This paper studies the kinematic tracking control problem for aerial manipulators. Existing kinematic tracking control methods, which typically employ proportional-derivative feedback or tracking-error-based feedback strategies, may fail to achieve tracking objectives within specified time constraints. To address this limitation, we propose a novel control framework comprising two key components: end-effector tracking control based on a user-defined preset trajectory and quadratic programming-based reference allocation. Compared with state-of-the-art approaches, the proposed method has several attractive features. First, it ensures that the end-effector reaches the desired position within a preset time while keeping the tracking error within a performance envelope that reflects task requirements. Second, quadratic programming is employed to allocate the references of the quadcopter base and the Delta arm, while considering the physical constraints of the aerial manipulator, thus preventing solutions that may violate physical limitations. The proposed approach is validated through three experiments. Experimental results demonstrate the effectiveness of the proposed algorithm and its capability to guarantee that the target position is reached within the preset time.
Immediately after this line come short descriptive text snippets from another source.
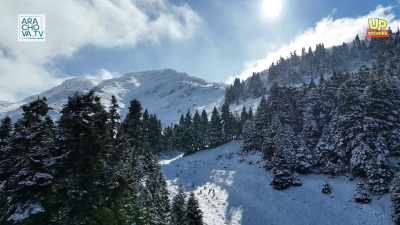 Παρνασσός: Τα πρώτα χιόνια και η μαγεία του δάσους - Βίντεο «Up Stories»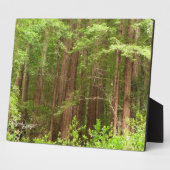 Redwood Trees at Muir Woods National Monument Fotoplatte (Seite)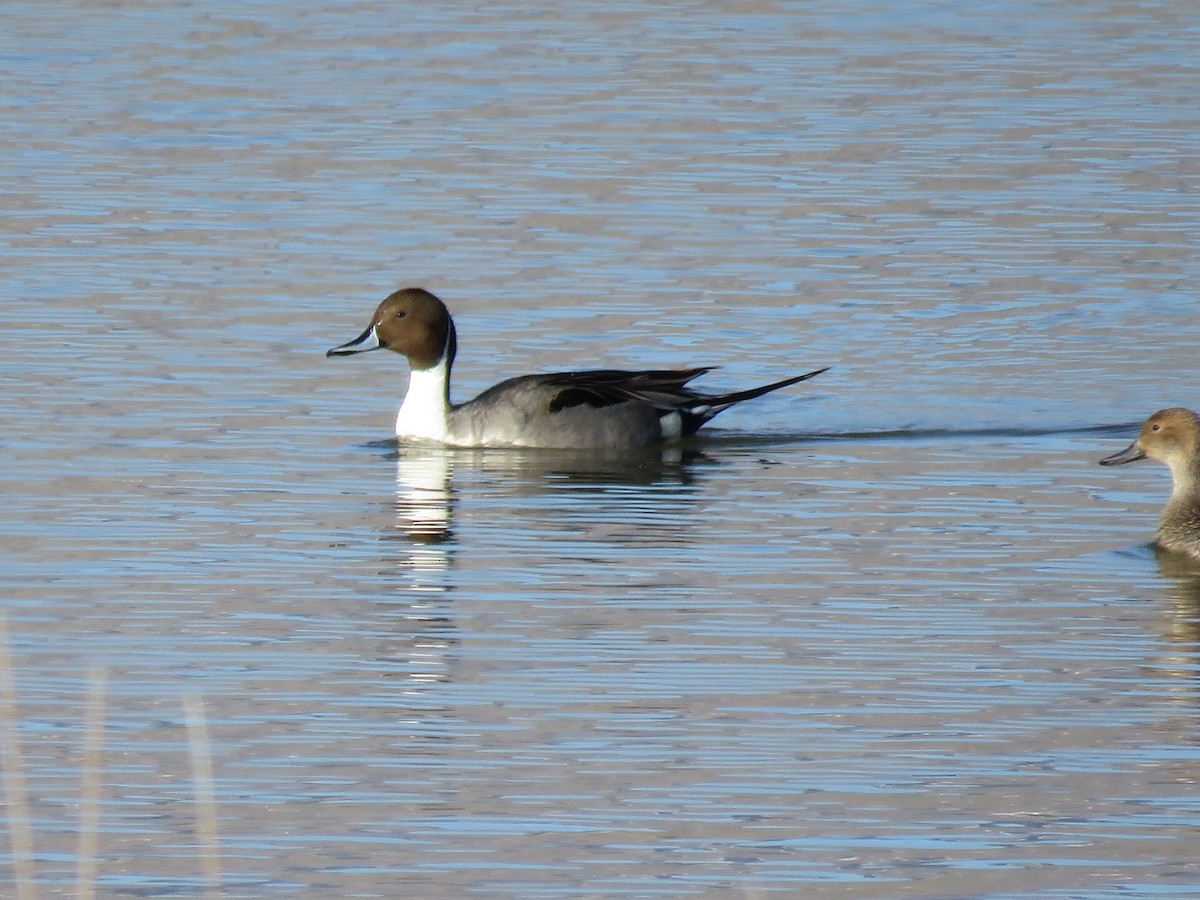 Northern Pintail - Del Nelson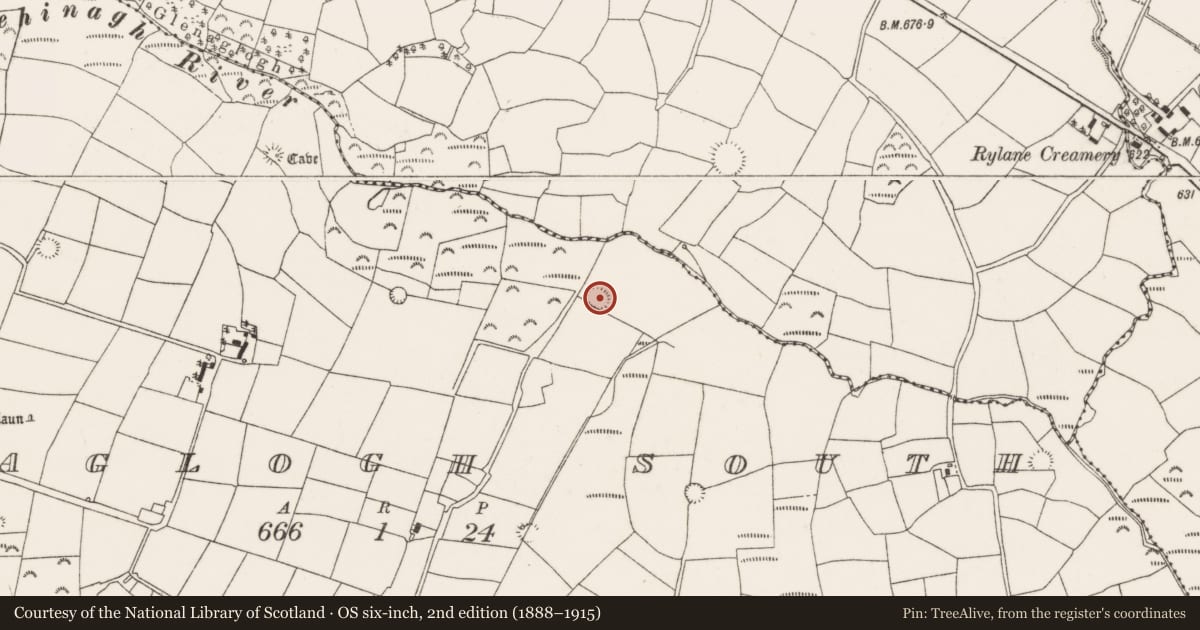 Ordnance Survey six-inch map, 2nd edition (1888–1915) covering the location of Souterrain, Glenaglogh South, County Cork, with a pin at the register's coordinates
翻译：本文研究空中机械臂的运动学跟踪控制问题。现有的运动学跟踪控制方法通常采用比例微分反馈或基于跟踪误差的反馈策略，可能无法在规定时间约束内实现跟踪目标。为解决这一局限性，我们提出了一种包含两个关键组件的新型控制框架：基于用户定义预设轨迹的末端执行器跟踪控制，以及基于二次规划的参考分配。与现有先进方法相比，所提方法具有若干突出特点。首先，它确保末端执行器在预设时间内到达期望位置，同时将跟踪误差限制在反映任务要求的性能包络内。其次，通过二次规划对四旋翼基座与Delta机械臂的参考量进行分配，同时考虑空中机械臂的物理约束，从而避免可能违反物理限制的解。所提方法通过三项实验进行验证。实验结果表明了该算法的有效性及其保证目标位置在预设时间内到达的能力。